__WORK TO COMPLETE__: In the records below, begin at the line containing "a kitchen with" and end at the line containing "Historic residential buildings"; quote every line in that span exactly, including both boundary lines, and no others.

[Caption-style text data]
>>>>>
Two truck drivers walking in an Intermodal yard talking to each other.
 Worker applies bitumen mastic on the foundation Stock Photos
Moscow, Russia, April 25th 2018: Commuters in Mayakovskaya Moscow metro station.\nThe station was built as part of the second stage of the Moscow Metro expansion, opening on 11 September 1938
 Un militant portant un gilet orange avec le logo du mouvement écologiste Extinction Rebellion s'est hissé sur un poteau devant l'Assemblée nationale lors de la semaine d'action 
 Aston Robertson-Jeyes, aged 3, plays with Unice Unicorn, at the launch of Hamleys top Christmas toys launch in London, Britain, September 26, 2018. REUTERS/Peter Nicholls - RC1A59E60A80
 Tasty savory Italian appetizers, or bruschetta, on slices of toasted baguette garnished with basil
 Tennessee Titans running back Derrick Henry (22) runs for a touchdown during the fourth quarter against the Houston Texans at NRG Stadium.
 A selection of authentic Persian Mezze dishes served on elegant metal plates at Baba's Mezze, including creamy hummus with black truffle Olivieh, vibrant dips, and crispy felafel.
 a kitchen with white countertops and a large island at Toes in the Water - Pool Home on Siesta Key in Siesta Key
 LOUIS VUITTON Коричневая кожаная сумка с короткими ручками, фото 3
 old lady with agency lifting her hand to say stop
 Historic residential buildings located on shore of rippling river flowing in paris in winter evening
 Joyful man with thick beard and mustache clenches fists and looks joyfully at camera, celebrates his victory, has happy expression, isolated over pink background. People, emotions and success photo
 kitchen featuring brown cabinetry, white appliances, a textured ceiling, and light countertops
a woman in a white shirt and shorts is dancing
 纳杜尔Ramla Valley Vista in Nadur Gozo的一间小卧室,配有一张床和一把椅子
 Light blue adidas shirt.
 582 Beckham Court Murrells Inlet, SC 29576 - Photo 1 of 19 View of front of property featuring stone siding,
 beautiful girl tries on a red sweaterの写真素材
<<<<<
__OUTPUT BELOW__:
 a kitchen with white countertops and a large island at Toes in the Water - Pool Home on Siesta Key in Siesta Key
 LOUIS VUITTON Коричневая кожаная сумка с короткими ручками, фото 3
 old lady with agency lifting her hand to say stop
 Historic residential buildings located on shore of rippling river flowing in paris in winter evening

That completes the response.